I assume then you think these oysters close their shells for fun?
The article makes it clear that the oysters are not trying to avoid moon light. Whatever causes them to open and close their shells, is clearly not a fear of any danger in the light. It could easily be something as simple as more abundant food during the full moon, and less abundant during new moon, and they need to open wider when there's less food. There's zero evidence that they're afraid of moon light. And there's abundant evidence that people expose themselves to moon light with no ill effects.
Anomaly-hunting is not science.
It makes no such thing clear. It simply says that lack of the light does not affect them; this would make sense if it was a learned behavior or if it developed due to a queue that the danger would be likely to present itself. Perhaps tides.
The article states:
"So why would the oysters care about the phases of the moon? Laura Payton, a co-author of the study from the University of Bordeaux, tells Davis at The Guardian she has a guess. “We know that oysters open their valves when there is food,” she says, and previous research has shown that the movement of plankton, which oysters filter out of seawater and consume, is influenced by moonlight."
It mentions nothing about 'danger', 'harmful', whatever. You literally are making up the notion that "oysters are afraid of moonlight..." or the like based upon nothing.
It does mention nothing about that. But I am making up my "guess" as much so as she made up her "guess." Mine obviously fits within the argument I am making, and hers her argument. Funny enough, the fact that plankton is influenced by moonlight also supports my general hypothesis. As things are stated, we seem to be on even ground.

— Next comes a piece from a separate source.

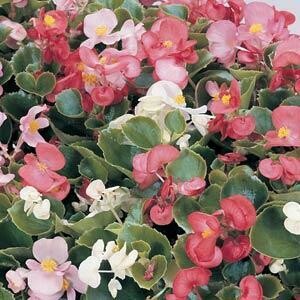 Begonia Prelude Mix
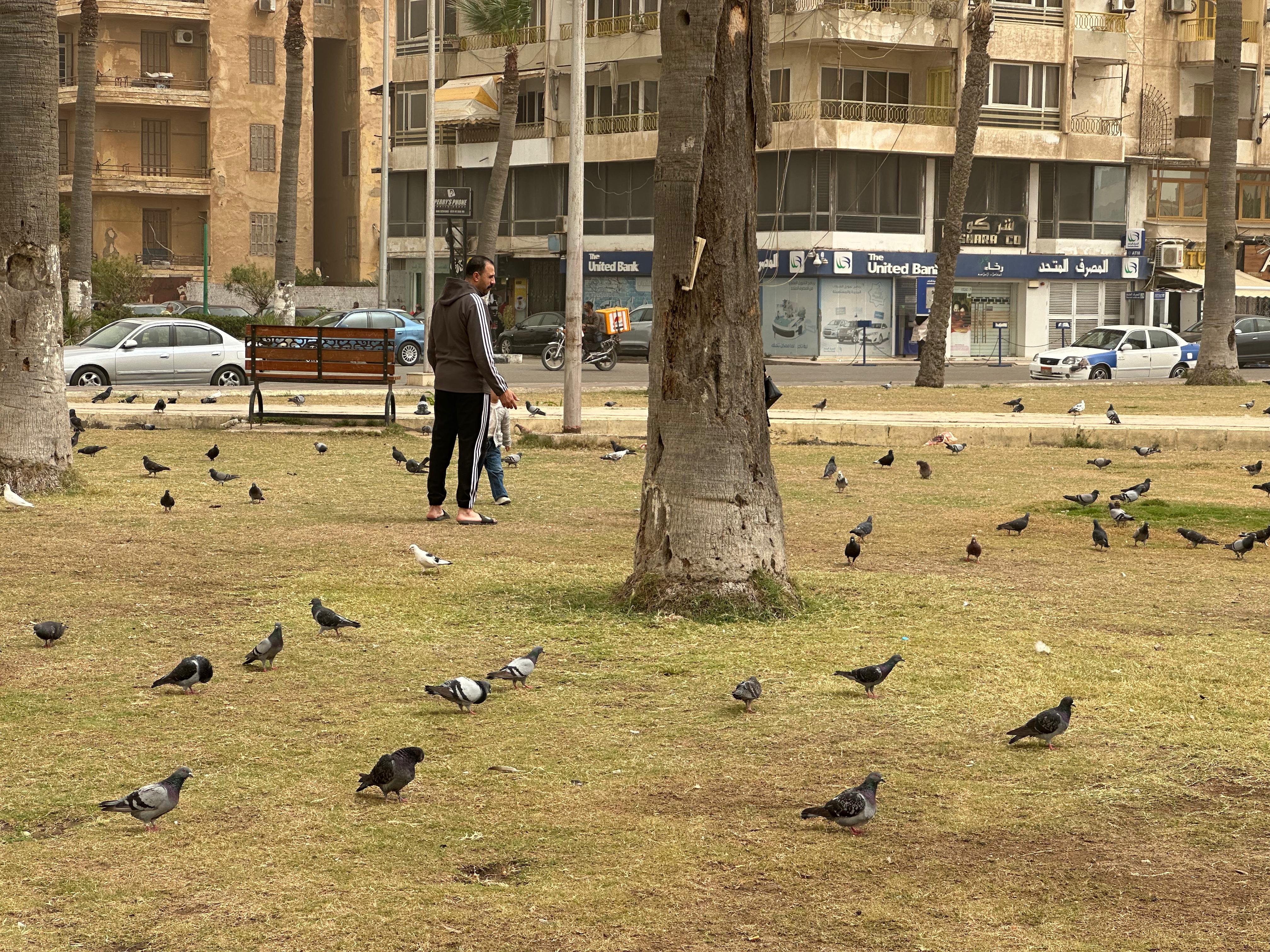 لعب مع الحمام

Not at all. You are claiming that moonlight is dangerous to people, and supporting this with an observation about bivalve mollusks.
However, I applaud your honesty in admitting that you are just guessing. One of the hallmarks of pseudoscience is to make an observation for which there is not a clear understanding, and concluding that some explanation out of left field with no evidence at all must be the true one. The classic example is, "I saw a light in the sky. If you can't tell me exactly what it was, then it must have been a flying saucer from the planet Bogash 12 with extraterrestrial squirrels who are here to steal coconuts."
In this case, you note a correlation between oysters and the phases of the moon, and you assert that it must mean that moon light is harmful. A thousand other explanations are more likely.
You also employ the false-equivalents fallacy when you say that your theory that oysters are afraid of moon light is equal to Payton's theory that they respond to the presence of plankton.